A Iniciativa Liberal considera que, ao permitir a livre passagem dos clientes do mercado livre para o regulado — que ficara fechado em Dezembro de 2012 —, além de contrariar todo processo de criação de um mercado liberalizado, o Governo “compromete a viabilidade da concorrência futura no sector do gás natural, ainda fundamental para o sustento das famílias portuguesas”.
O partido defende os “benefícios de um mercado liberalizado” a nível europeu: do lado dos fornecedores, permitir o “equilíbrio dos preços do gás” e ter mais “segurança e flexibilidade na gestão de situações de escassez"; do lado dos consumidores, ofertas inovadoras e diversificadas e preços mais competitivos.
A mudança dos clientes para o mercado regulado do gás natural é possível desde esta quarta-feira, dia 7, sem que tenham qualquer despesa associada e sem precisarem de inspecção à instalação de gás. Basta aos consumidores consultarem a lista dos comercializadores (CUR) no portal da ERSE.
Com esta abertura “numa situação de pico dos preços da energia, [o Governo] desfere um golpe sem precedentes num mercado que levou décadas a construir, para o benefício dos consumidores, sem para isso apresentar garantias da eficácia ou sustentabilidade da medida”, afirma a IL. Que acrescenta que gera uma “situação de concentração de mercado” que compromete a concorrência.

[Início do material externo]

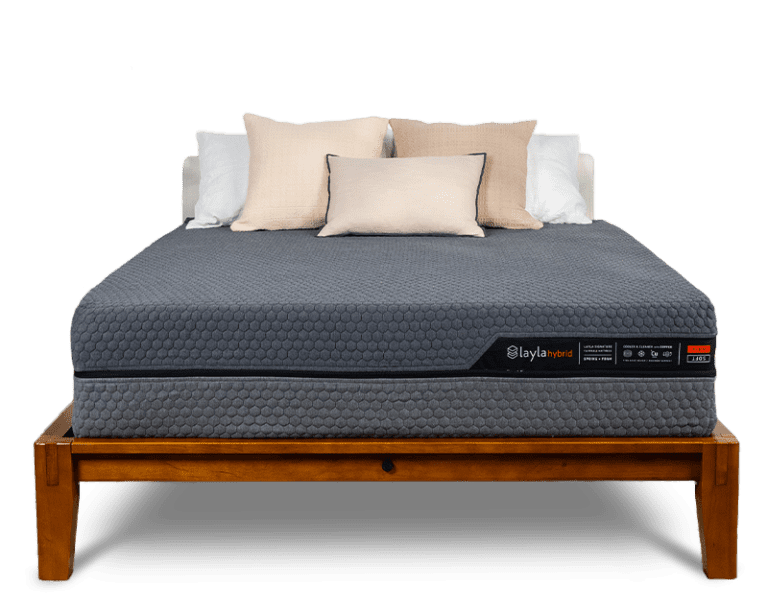 The Best Mattress of 2026 Data-Backed Reviews for Better Sleep - Layla Hybrid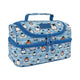 Sachi Insulated Double Decker Lunch Bag - Happy Penguins - BentoBliss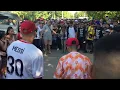 Detras de camara Cheto$ vs TuRRo$ - CALLEJERO FINO ❌ ALEJO ISSAK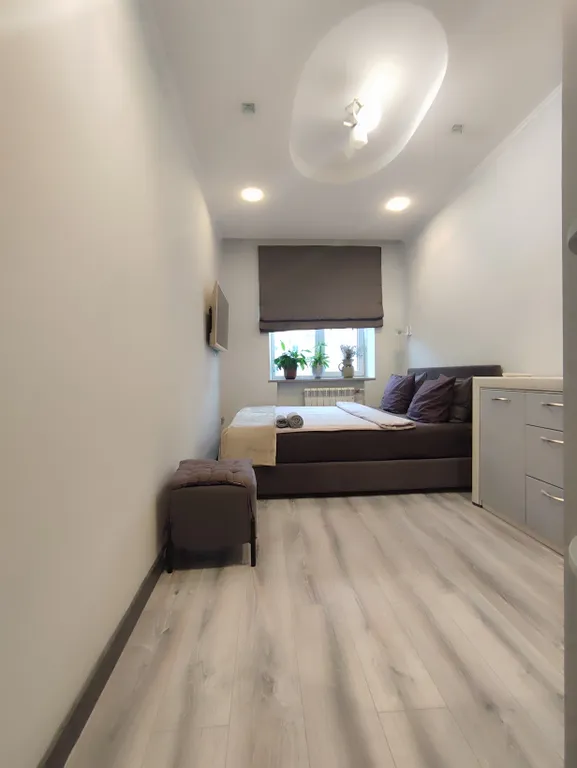 Уютная комната ,в 3-х комнатной квартире в центре города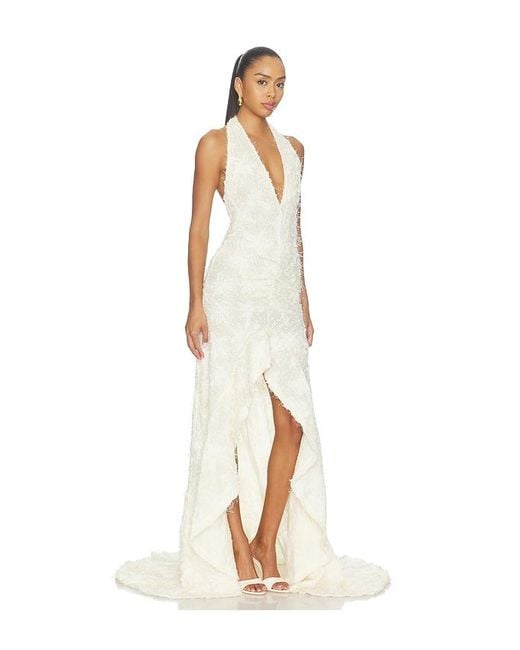 Sonya Moda Natural Noorah Gown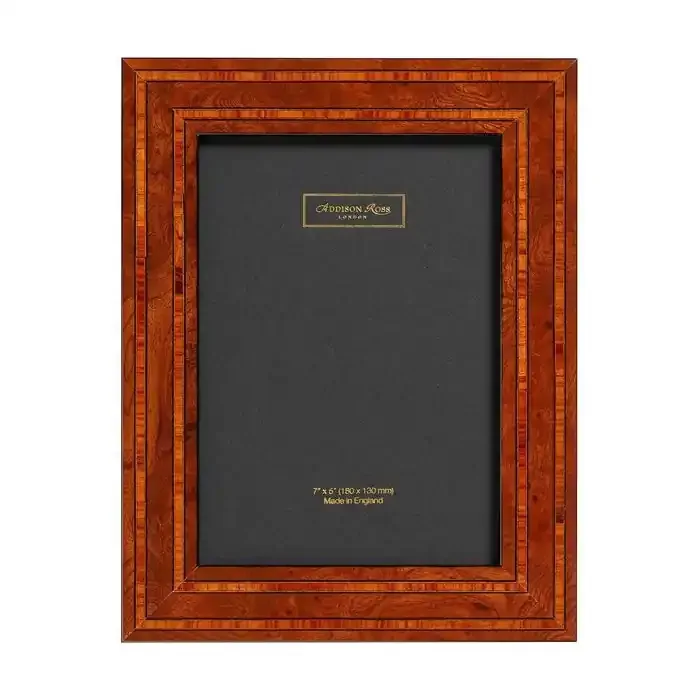Addison Ross Double Contrast Marquetry Picture Frame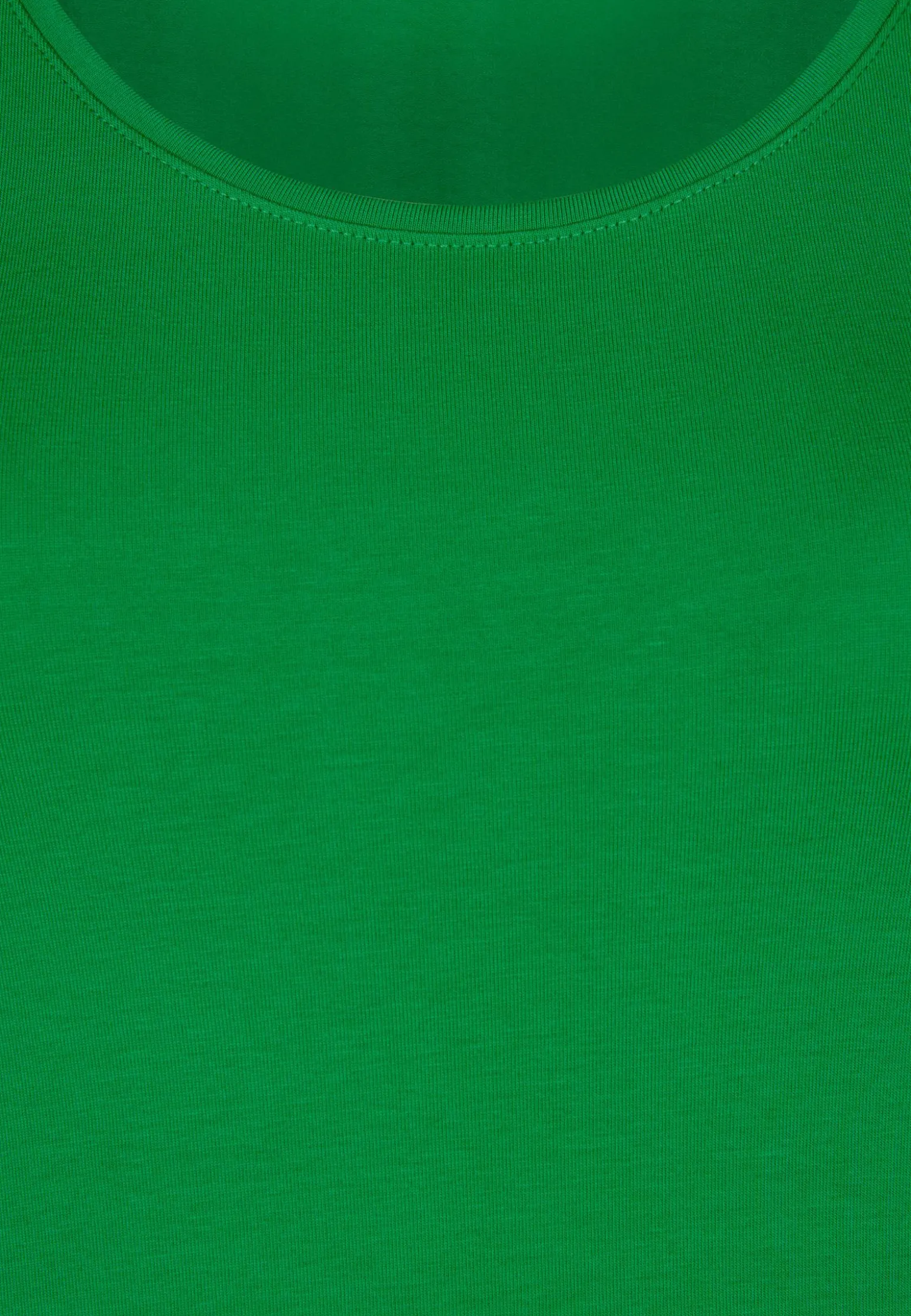 Discount Miss Etam Singlet groen Jelly bean green
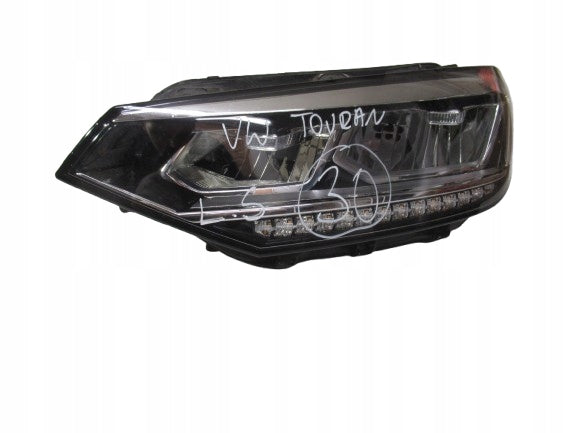 Frontscheinwerfer VW Touran 5TB941035E LED Links Scheinwerfer Headlight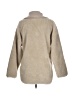 C. Wonder 100% Polyester Solid Ivory Coat Size L - photo 2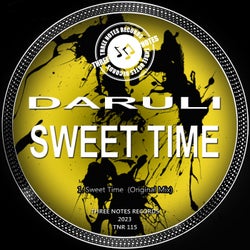 Sweet Time (Original Mix)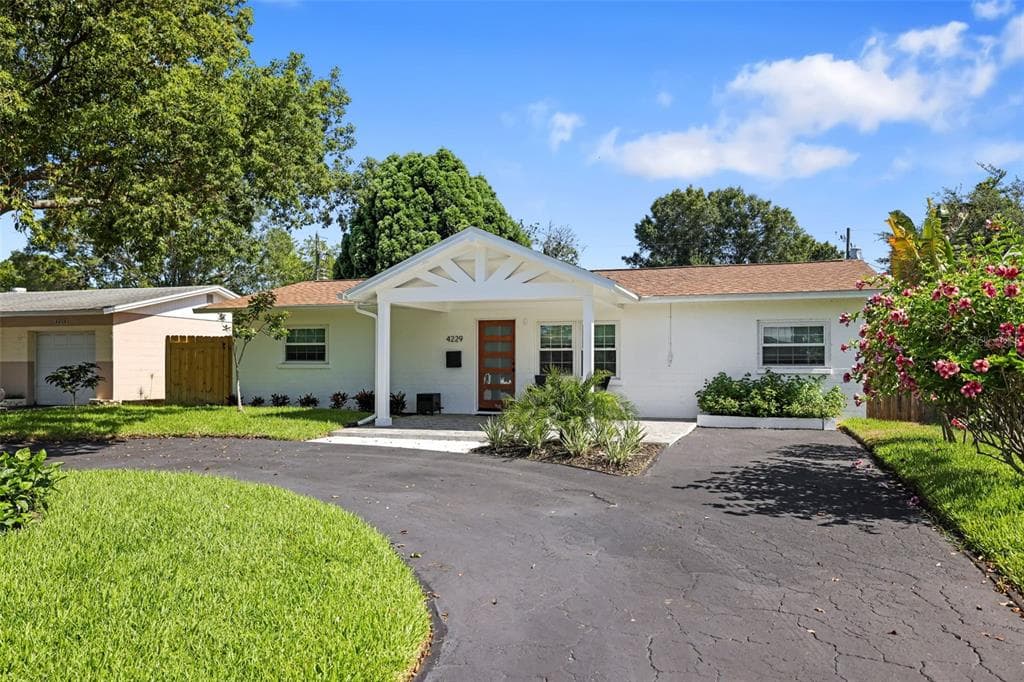 4229 7TH AVENUE N, ST PETERSBURG, FL 33713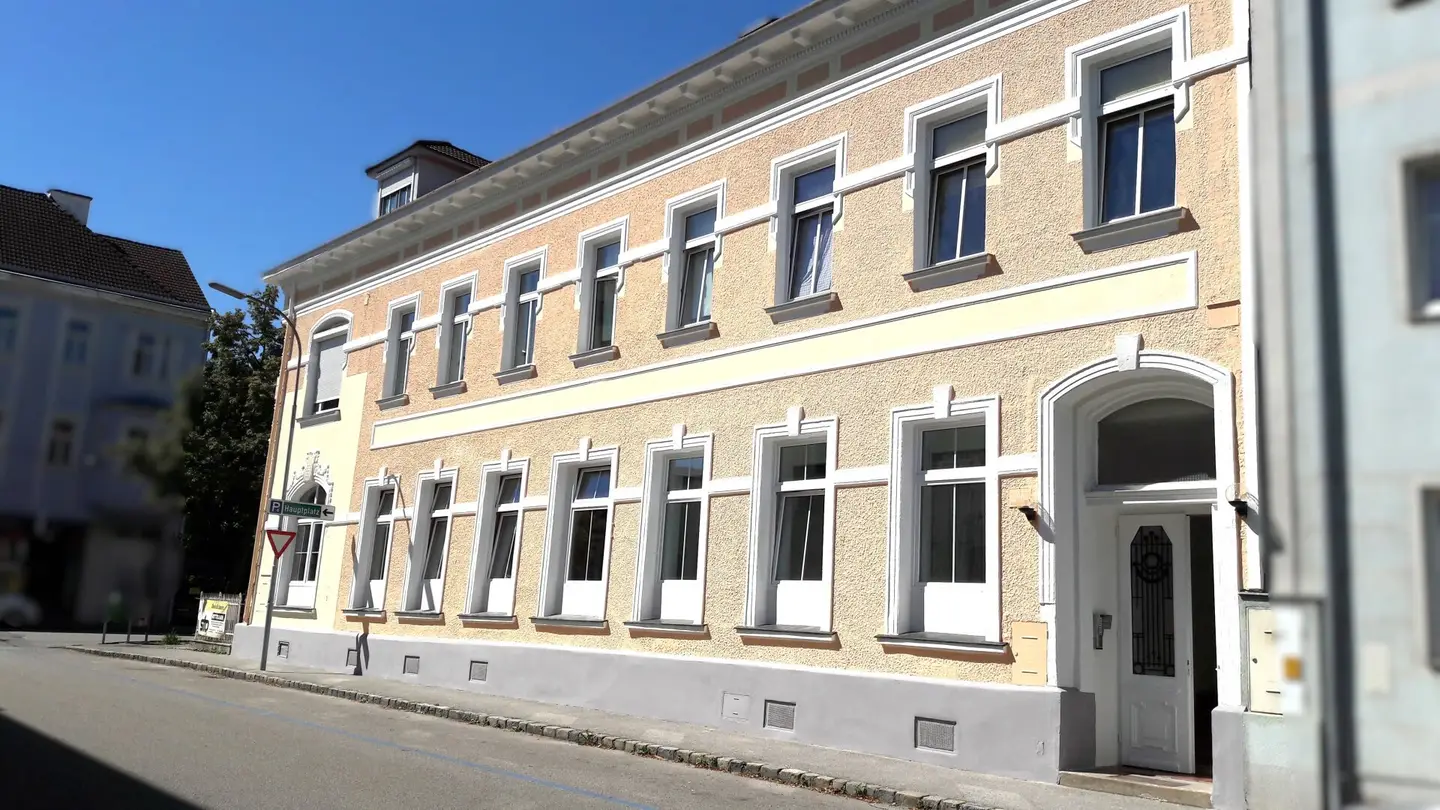Tolle Singlewohnung in Bahnhofs- und Zentrumsnähe!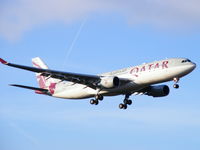 A7-ACL @ EGCC - Qatar Airways - by chris hall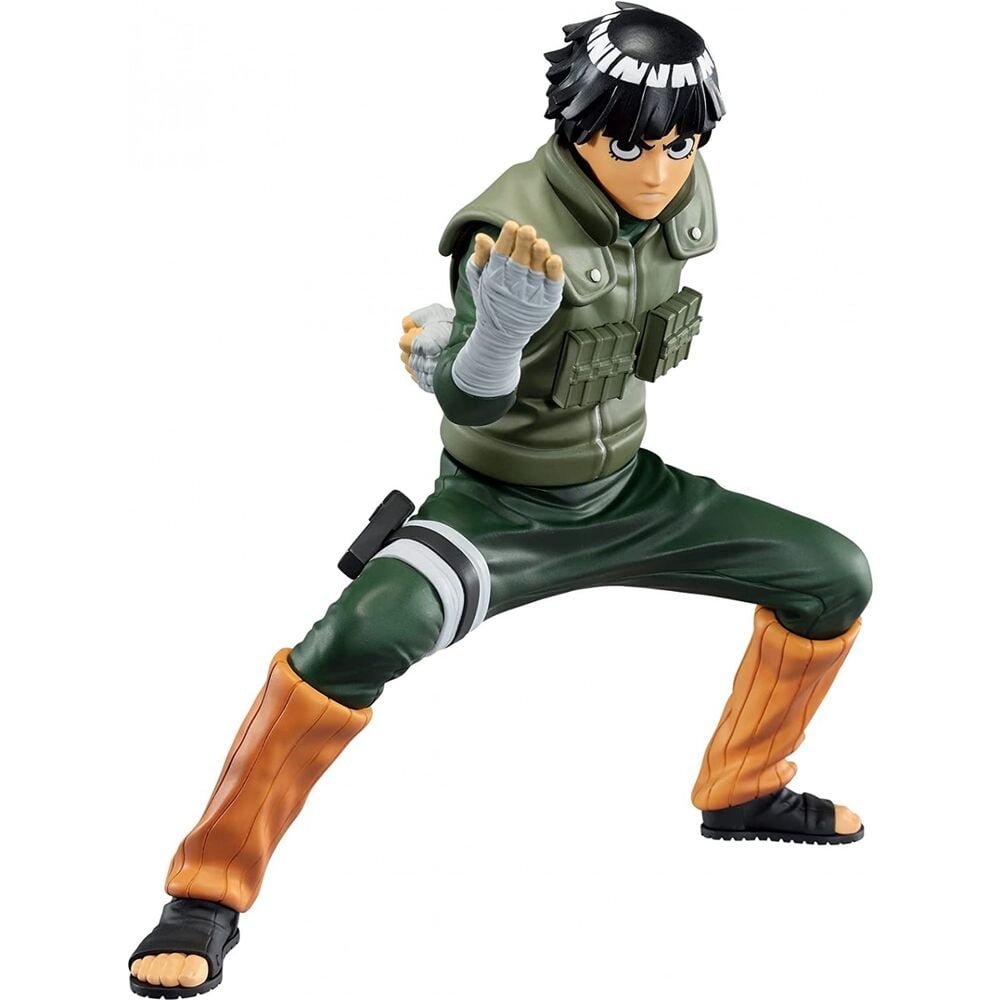 Figura Rock Lee Vibration Stars Naruto Shippuden 15cm - imagen 5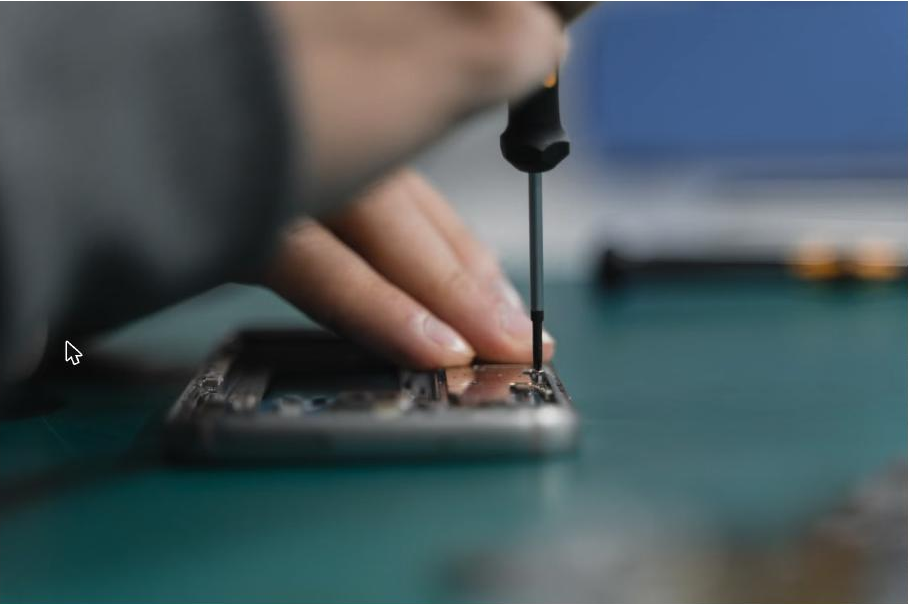 Smart Watch Repair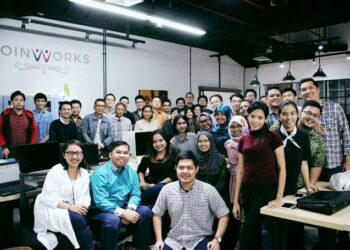 Benedicto Haryono : Dukung Perkembangan Usaha Kecil dan Terwujudnya “Indonesia Pintar” Melalui Pendanaan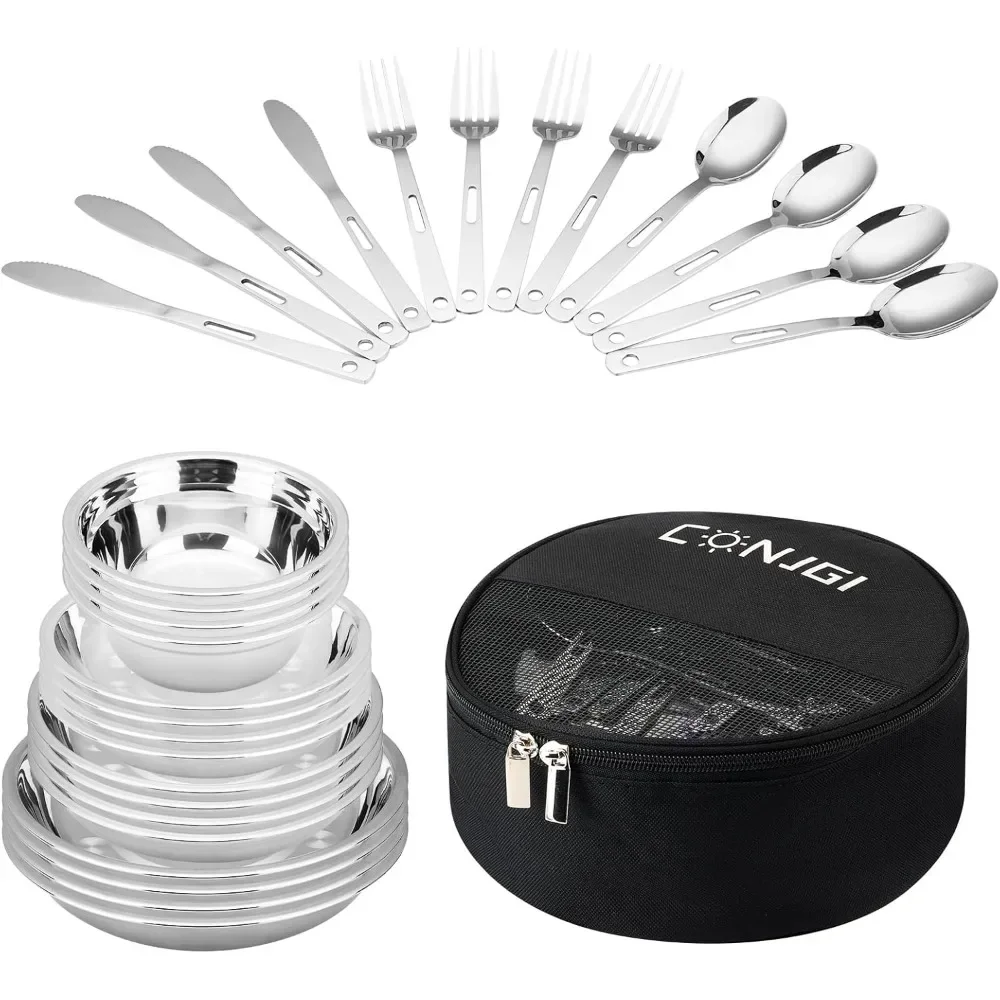kits-de-desordre-de-camping-28-pieces-ensemble-de-vaisselle-de-camping-cadeaux-de-camping-ensembles-d'ustensiles-de-cuisine-de-camping-accessoires-de-camping-ustensile-de-cuisine-de-camping
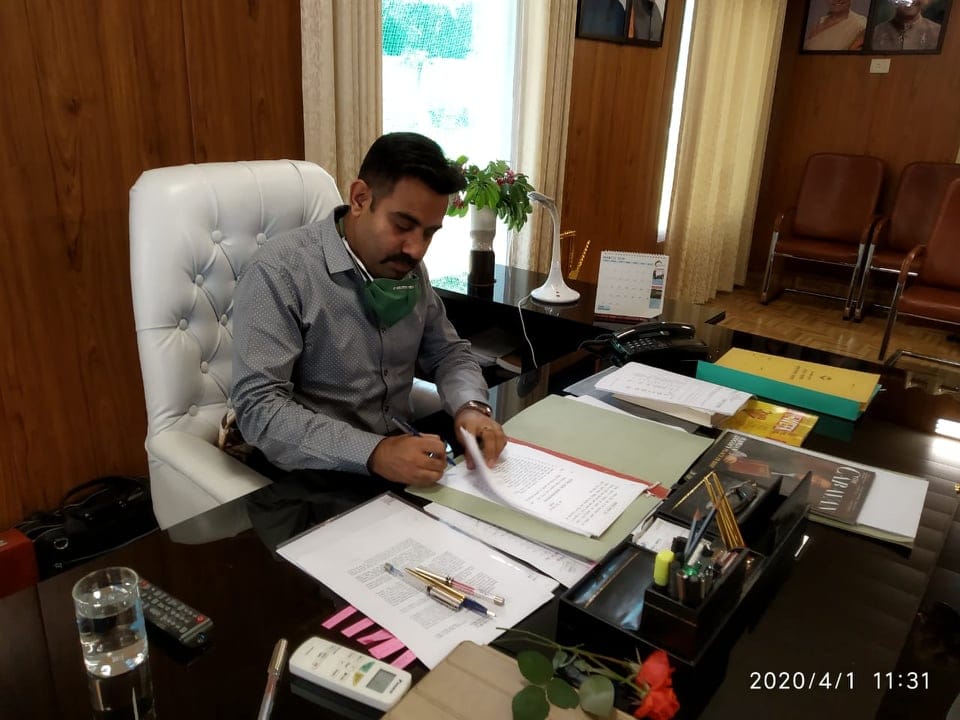 DM Neeraj Khairwal Become Kumaon Division Commissioner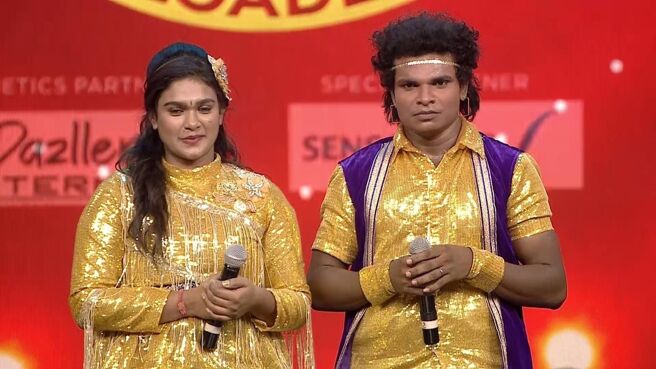 Dance Jodi Dance Reloaded 2 season 1 episode 11 on Zee5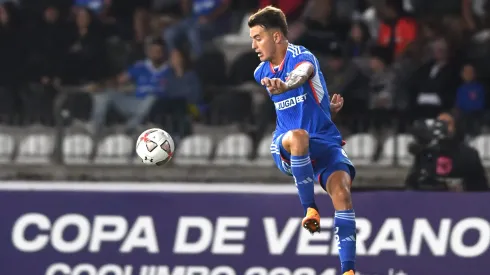 Franco Calderón se mostró sorprendido del apoyo a la U en las tribunas.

Os liberais realçam que o gás natural fornecido pelos operadores do mercado regulado depende de contratos com a Nigéria, com elevados riscos de incumprimento, o que deixaria essas famílias em risco. E consideram que a visita de João Galamba àquele país já depois de anunciada a medida de abertura do mercado é um sinal de que poderão, de facto, existir problemas no fornecimento. Se isso vier a acontecer, o Governo terá que recorrer às suas reservas estratégicas de gás (e está obrigado por Bruxelas a manter armazenado o equivalente a 80% do consumo anual), ou ir ao mercado comprar aos preços actuais (e aumentando o défice tarifário).
As regras para esse estatuto deverão ser regulamentadas pelo Governo num prazo de 90 dias e esse estatuto seria apenas durante a vigência do regime excepcional de transição.